Świąteczne pierogi po krakowsku. Rozwiązanie konkursu!
MALEK • dawno temuNa nasz świąteczny konkurs przyszło wiele różnorodnych zgłoszeń. Pojawiły się przepisy tradycyjnych potraw, jak pieczone ryby i słodkości, ale też zupełnie zaskakujących, jak zupa śledziowa czy sałatka z uszkami (dla osób nie przepadających za świątecznym barszczem).
Zwycięskie danie znajduje się w pół drogi pomiędzy tradycją a nowoczesnością. Przepis jest bardzo apetyczny, atrakcyjnie przedstawiony i bardzo autentyczny.
Gratulujemy Paulinie — autorce przepisu i zachęcamy Was do przygotowania przepisu i podzielenia się z nami swoimi wrażeniami.
Przed Wami zwycięzca:
Witajcie!
Pragnę Was zabrać, do przepięknego, szczególnie zimą Krakowa, w którym podczas świąt wszyscy zajadają się pysznymi, góralskimi pierogami!
;) Hej!
Krakowskie pierożki
Składniki na ciasto:
- 1 kg mąki,
- 2 łyżki oleju,
- 1 torebka sosu pieczeniowego,
- 2 jajka,
pół szklanki mleka.
Farsz:
- 0,5 kg ziemniaków ugotowanych w mundurkach,
- 0,5 kg twarogu,
- 100 g bryndzy,
- 100 g oscypka,
- 50 g czosnku niedźwiedziego,
- 5 ząbków czosnku,
- 1 cebula,
- pieprz, sól.
Do okraszania:
- 3 cebule,
- pół kilograma wędzonego boczku,
- olej.
Przygotowanie:
Ciasto zagniatamy, jak nas mamusia czy też babcia uczyły — z mąki usypujemy magiczny wulkan, wydrążamy dziurkę palcem, wlewamy jajka, olej, dosypujemy sos i powolutku zagniatamy. Kiedy płynów nam zabraknie, dodajemy powolutku ciepłego mleka. Kiedy ciasto zacznie nam samo odchodzić od rąk, będzie sprężyste i delikatnie żółciutkie — przykrywamy czystą szmatką i zabieramy się za farsz.

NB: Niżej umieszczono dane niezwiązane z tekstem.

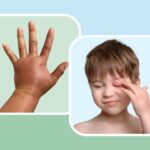 How to Recognize a Hereditary Angioedema Episode on 7 Body Parts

Ziemniaki mogą być z poprzedniego obiadu, ale znacznie lepsze będą świeżo ugotowane w skorupkach. Należy je ostudzić, obrać, pokroić na mniejsze kawałki i włożyć do maszynki, by przemieliła je na gładką masę. Dodajemy twaróg, bryndzę, oscypka, czosnek i cebulę. Wszystko dokładnie mielimy, najlepiej dwukrotnie. Doprawiamy czosnkiem niedźwiedzim (można go łatwo dostać w sklepach ze zdrową żywnością), solą i pieprzem — próbujemy, zachwycamy się i z radością wołamy całą rodzinkę na lepienie! ;)
Nastawiamy duży garnek z wodą, dodajemy do niego odrobinę oleju i soli. Gotujemy pod przykrywką.
W tym czasie wałkujemy na możliwie najcieńszy placuszek ciasto, wykrawamy spore kółeczka szklanką i nakładamy do każdego spodeczka łyżeczkę farszu. Fantazyjnie zawijamy, ewentualnie w wersji dla leniuszków można się posłużyć widelcem. ;)
Kiedy pierogi będą gotowe — obsypujemy je delikatnie mąką i czekamy aż woda się zagotuje.
Kroimy cebulkę i wędzony boczek na drobną kosteczkę i smażymy na patelni z niewielkim dodatkiem tłuszczu.
Kiedy woda zacznie nam wrzeć, wrzucamy do niej powolutku pierożki — nie za dużo, by miały jak swobodnie wypłynąć. Obok stawiamy sporą miskę z zimną wodą i kostkami lodu. Kiedy pierożek się ugotuje — hyc do mroźnej wody (dzięki temu się nie sklejają).
Smacznego! ;)
Z autorką skontaktujemy się mailowo i przekażemy nagrodę w postaci zestawu przypraw Kamis.